The Chairman shall preside over all the meetings of the


company. Each and every meeting of the company will be
called on his order and the advice of the Board of Directors. The
Chairman and/or authorized Director will be head of the
Company and use all the powers given to him for development
of El’xir Beverages Pvt Ltd.

11. Power & Function of Vice-Chairman/Managing Director

In absence of the Chairman the Vice-Chairman/Managing Director will


utilize all the powers of the Chairman and/or as decided by the Board of
Directors.

12.Powers & Functions of Company Secretary.

The Secretary shall conduct the correspondence on behalf of the company


with all the Directors and/or other organizations for development of El’xir
beverages pvt ltd. He shall conduct meetings of executive committee and
general body and/or required statutory, non-statutory meetings as
prescribed by the ROC. He will record the proceedings of the meetings
and report to the Chairman/Board of the Company.

13. Powers & Functions of Treasurer.

The Treasurer will collect the donations, grants from government or any
other institution and also collect subscriptions. He will present the yearly
statement of income and expenditure in the meeting of the Executive
Committee of the Company. He has the power to deposit the collection
on behalf of the company.

14. Funds

The funds of the company consist of subscriptions from members,


donation from public or grant from govt., semi govt. or other institutions.
No interest will be permissible on funds raised from Directors.

15. Banks

The Bank of the company will be any nationalized bank decided by the
Board of Directors.

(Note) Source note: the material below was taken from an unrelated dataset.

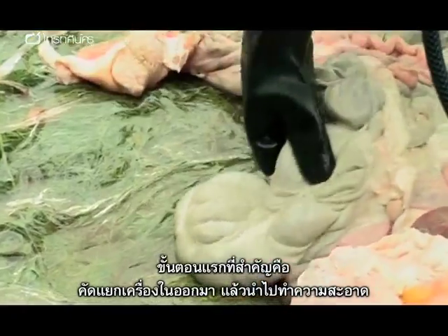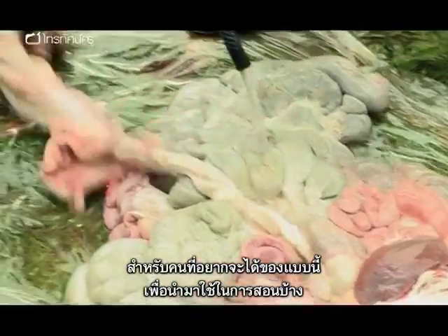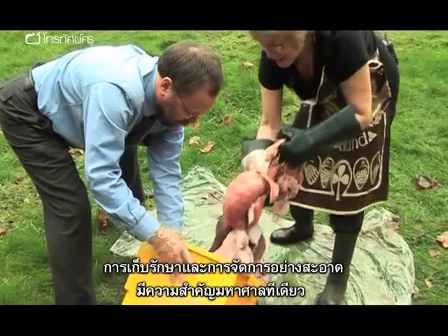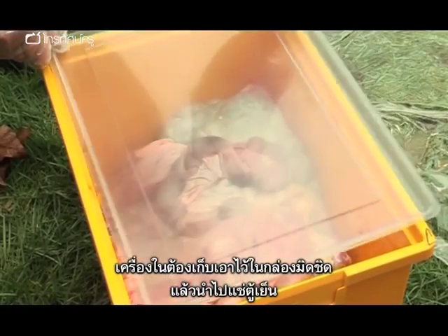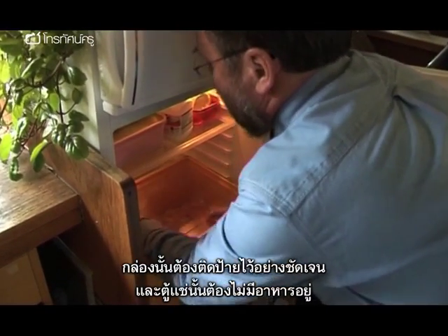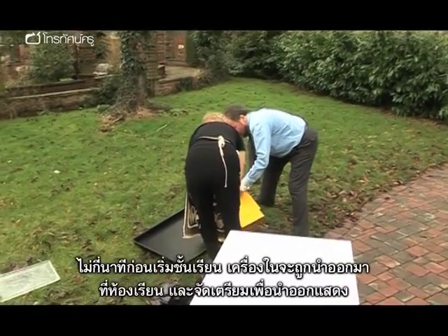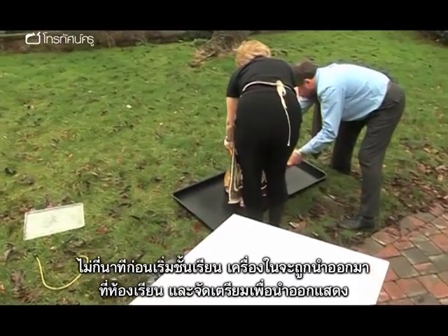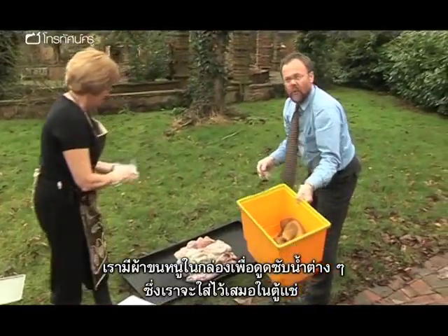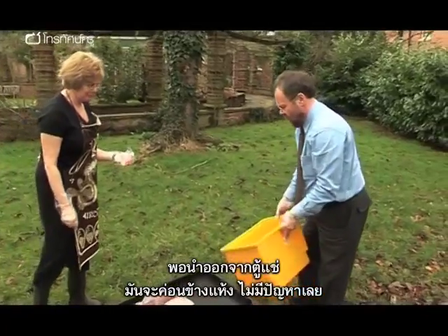The first priority is to thaw the guts out and give them a good clean. For anyone thinking of acquiring this sort of material for teaching purposes, hygienic storage and handling are of paramount importance. The entrails must be stored in a sealed box in a fridge, appropriately labelled and not containing food. We've got a towel in the bottom which has soaked up any juices, so when it comes out it's pretty dry — no problem at all.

The control of the funds will be in the hands of the
cashier and shall authorize him to operate the bank account mandatory and
atleast two signatories on the cheque will be required for withdrawal from
bank.

16. Accounts

The accounts will be maintained by the treasurer from the month of April
to March and will be maintained by order of Board of Directors.

17. Management

The management of the company will rest in the Board of Directors,


which shall consist of Chairman and his team of Vice-Chairman,
Managing Director, Secretary, and Directors.

18. Property & Liabilities

Moveable or immoveable properties/assets of the company shall not be


sold without consent of the general body with two third majorities.
Liabilities of the company will be restricted to the assets of the company
only and in no way the members in individual capacity be liable for any
liabilities of the company.
19.The manner of making altering and rescinding rules and
regulations in the Articles of Association.

For any change in any clause of the rules and regulations one weeks’
notice will be issued by the Board of the Company under the signatures of
the Chairman to every Director of the company for calling of the general
members meeting. The changes should be made if more than 50%
members vote in favour of it.

20. Application of the Act.

This company (rules and regulations) are subject to the provisions of the
Companies Act 1956 and for any matter not specifically provided herein, a
provision in the say that if any of that matter shall apply mutatis mutandis.

21. Essential certificates:

Certified that this is the correct copy of the Rules and Regulations as
mentioned in the Articles of Association of the Company.